On March 10, 2017, Mason was released by the Rams. Former college teammate Ricardo Louis stated in April 2017 that Mason was working towards coming back to the NFL for the upcoming season.

===Saskatchewan Roughriders===
On May 30, 2018, Mason signed with the Saskatchewan Roughriders of the Canadian Football League. Mason's usage increased following the suspension and release of Jerome Messam on voyeurism charges. With increased playing time, Mason proved to be a key contributor to a lackluster Roughriders offense, including producing a 20-carry, 117-yard effort during the 2018 Banjo Bowl, a Riders win. Despite playing in all 18 games, Mason was held without a score until near the end of the year, when he had three rushing touchdowns in the final six games of the regular season. Mason finished the year with a higher rushing average than a receiving average. He missed the Roughrider's lone playoff game due to injury. During the off-season Roughriders signed William Powell in free agency, at which time Mason's injury was revealed to be a damaged ACL requiring surgery, which could keep Mason from playing in 2019. He was released by the Riders on May 10, 2019.

==Career statistics==
===NFL===
- Regular season

| Season | Team | Games |  | Rushing |  |  |  |  | Receiving |  |  |  |  | Fumbles |  |
| GP | GS | Att | Yds | Avg | Lng | TD | Rec | Yds | Avg | Lng | TD | FUM | Lost |
| 2014 | St. Louis Rams | 12 | 9 | 179 | 765 | 4.3 | 89 | 4 | 16 | 148 | 9.3 | 35 | 1 | 2 | 1 |
| 2015 | St.

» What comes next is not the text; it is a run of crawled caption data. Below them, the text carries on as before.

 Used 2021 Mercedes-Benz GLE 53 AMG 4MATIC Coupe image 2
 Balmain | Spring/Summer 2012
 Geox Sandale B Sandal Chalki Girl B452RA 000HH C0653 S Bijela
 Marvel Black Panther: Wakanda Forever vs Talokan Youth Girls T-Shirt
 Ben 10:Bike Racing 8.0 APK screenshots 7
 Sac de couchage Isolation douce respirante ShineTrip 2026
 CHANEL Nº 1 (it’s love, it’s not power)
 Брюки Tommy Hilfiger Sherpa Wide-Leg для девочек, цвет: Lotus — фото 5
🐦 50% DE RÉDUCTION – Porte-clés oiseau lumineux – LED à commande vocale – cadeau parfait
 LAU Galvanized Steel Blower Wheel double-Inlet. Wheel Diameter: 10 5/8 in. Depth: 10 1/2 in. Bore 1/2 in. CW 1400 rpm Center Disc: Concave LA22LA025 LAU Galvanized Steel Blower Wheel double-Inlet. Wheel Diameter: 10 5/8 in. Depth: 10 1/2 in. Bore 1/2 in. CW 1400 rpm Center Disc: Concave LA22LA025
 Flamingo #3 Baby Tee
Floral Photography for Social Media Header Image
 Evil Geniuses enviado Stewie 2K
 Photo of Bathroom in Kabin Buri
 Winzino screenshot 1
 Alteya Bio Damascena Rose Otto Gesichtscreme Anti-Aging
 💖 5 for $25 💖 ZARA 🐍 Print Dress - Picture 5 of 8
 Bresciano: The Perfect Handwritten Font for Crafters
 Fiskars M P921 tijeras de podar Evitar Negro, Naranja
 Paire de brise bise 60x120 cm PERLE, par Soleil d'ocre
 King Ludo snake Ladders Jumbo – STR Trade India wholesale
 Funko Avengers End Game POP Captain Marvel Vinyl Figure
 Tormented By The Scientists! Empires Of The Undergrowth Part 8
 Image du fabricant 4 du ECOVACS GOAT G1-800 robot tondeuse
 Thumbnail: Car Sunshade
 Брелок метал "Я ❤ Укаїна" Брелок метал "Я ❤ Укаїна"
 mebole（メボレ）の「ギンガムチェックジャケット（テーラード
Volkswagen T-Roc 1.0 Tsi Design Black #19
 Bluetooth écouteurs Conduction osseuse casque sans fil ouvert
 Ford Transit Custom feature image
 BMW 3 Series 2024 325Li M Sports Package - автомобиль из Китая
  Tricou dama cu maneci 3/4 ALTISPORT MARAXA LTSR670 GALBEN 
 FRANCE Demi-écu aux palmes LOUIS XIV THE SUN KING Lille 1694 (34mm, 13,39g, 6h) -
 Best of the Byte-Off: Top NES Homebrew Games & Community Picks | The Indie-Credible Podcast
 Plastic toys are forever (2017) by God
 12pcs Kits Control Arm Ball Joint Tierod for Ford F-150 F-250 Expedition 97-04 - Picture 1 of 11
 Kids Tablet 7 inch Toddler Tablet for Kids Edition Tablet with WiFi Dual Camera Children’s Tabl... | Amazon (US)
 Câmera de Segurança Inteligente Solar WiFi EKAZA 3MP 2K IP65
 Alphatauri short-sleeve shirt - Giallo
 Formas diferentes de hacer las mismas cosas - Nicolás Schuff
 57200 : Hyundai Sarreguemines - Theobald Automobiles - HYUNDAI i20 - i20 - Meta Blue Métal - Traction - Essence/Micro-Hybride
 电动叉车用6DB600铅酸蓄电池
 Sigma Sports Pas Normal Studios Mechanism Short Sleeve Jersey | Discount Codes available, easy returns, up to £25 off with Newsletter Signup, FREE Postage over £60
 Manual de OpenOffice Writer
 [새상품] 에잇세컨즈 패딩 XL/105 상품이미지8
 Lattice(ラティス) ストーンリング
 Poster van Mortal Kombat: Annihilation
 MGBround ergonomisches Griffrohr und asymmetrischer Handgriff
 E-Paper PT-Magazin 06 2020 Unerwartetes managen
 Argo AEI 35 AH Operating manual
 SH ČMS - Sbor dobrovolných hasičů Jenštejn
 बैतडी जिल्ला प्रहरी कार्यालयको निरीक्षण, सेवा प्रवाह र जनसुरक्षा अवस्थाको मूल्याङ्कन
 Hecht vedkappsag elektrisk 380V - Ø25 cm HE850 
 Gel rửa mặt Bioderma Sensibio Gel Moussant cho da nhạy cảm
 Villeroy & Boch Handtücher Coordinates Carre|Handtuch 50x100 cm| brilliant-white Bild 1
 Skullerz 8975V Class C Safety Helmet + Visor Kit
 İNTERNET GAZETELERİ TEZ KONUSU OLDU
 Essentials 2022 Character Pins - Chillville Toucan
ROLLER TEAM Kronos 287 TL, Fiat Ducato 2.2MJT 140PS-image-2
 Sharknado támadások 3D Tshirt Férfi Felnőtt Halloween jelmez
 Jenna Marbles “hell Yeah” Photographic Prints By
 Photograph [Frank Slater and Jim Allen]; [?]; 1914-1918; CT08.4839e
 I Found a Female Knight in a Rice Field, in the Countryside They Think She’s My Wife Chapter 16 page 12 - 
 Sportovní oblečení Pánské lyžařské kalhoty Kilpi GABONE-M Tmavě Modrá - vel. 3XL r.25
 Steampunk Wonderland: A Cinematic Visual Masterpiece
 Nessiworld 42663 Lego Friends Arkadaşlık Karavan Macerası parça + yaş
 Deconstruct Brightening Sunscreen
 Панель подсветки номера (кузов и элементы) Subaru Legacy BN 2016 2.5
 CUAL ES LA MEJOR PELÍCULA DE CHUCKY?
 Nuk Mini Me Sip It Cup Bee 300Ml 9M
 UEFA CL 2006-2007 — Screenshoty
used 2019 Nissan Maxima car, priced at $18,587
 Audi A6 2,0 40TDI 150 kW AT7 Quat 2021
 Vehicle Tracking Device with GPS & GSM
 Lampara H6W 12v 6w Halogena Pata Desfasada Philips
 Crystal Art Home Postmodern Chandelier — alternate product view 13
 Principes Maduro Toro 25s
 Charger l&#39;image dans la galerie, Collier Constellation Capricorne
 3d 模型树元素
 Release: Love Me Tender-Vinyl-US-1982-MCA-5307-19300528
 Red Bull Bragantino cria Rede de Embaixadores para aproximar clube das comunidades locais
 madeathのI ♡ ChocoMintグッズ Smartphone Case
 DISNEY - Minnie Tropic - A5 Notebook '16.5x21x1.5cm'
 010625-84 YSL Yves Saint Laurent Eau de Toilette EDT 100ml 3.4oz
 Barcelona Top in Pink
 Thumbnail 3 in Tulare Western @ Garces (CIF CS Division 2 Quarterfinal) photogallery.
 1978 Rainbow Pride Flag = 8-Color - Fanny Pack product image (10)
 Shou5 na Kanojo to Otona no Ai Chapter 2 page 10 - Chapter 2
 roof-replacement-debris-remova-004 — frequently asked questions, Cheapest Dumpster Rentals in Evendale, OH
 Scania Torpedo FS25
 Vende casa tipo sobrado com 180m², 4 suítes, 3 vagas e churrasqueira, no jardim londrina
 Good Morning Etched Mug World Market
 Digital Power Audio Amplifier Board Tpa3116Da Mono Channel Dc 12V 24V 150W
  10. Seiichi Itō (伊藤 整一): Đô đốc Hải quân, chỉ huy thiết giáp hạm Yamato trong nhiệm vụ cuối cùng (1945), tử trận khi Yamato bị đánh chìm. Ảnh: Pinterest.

Louis Rams | 13 | 3 | 75 | 207 | 2.8 | 15 | 1 | 18 | 88 | 4.9 | 16 | 0 | 3 | 1 |
|  | Total | 25 | 12 | 254 | 972 | 3.8 | 89 | 5 | 34 | 236 | 6.9 | 35 | 1 | 5 | 2 |

===CFL===
- Regular season

| Season | Team | Games | Rushing |  |  |  |  | Receiving |  |  |  |  |
| GP | Att | Yds | Avg | Lng | TD | Rec | Yds | Avg | Lng | TD |
| 2018 | Saskatchewan Roughriders | 18 | 160 | 809 | 5.1 | 42 | 3 | 21 | 103 | 4.9 | 16 | 0 |
|  | Total | 18 | 160 | 809 | 5.1 | 42 | 3 | 21 | 103 | 4.9 | 16 | 0 |

===College===

| Year | Team | Games |  | Rushing |  |  |  | Receiving |  |  |  |
| GP | GS | Att | Yards | Avg | TD | Rec | Yards | Avg | TD |
| 2011 | Auburn | 12 | 1 | 28 | 161 | 5.8 | 0 | 0 | 0 | 0.0 | 0 |
| 2012 | Auburn | 12 | 12 | 171 | 1,002 | 5.9 | 8 | 7 | 86 | 12.3 | 0 |
| 2013 | Auburn | 14 | 14 | 317 | 1,816 | 5.7 | 23 | 12 | 163 | 13.6 | 1 |
| Career |  | 38 | 27 | 516 | 2,979 | 5.8 | 32 | 19 | 249 | 13.6 | 1 |

==Personal life==
His father, Vincent Mason, is a member of hip hop group De La Soul.

After Mason led police on a high-speed ATV chase, Mason's mother stated that Mason had the "mindset of a 10-year-old" due to head injuries sustained during his career. She noticed her son’s behavior was different after the 2015 season: “Clearly, we could see the change. Like, completely... As much as he’s accomplished, as hard as he’s worked, as much as he’s built his character, in record-breaking time it’s going downhill because of what’s going on." In November, Mason pleaded no contest to charges related to the ATV chase. Mason was arrested in January 2017 for the incident and charged with a third degree felony of fleeing and eluding without regard for others' safety or property.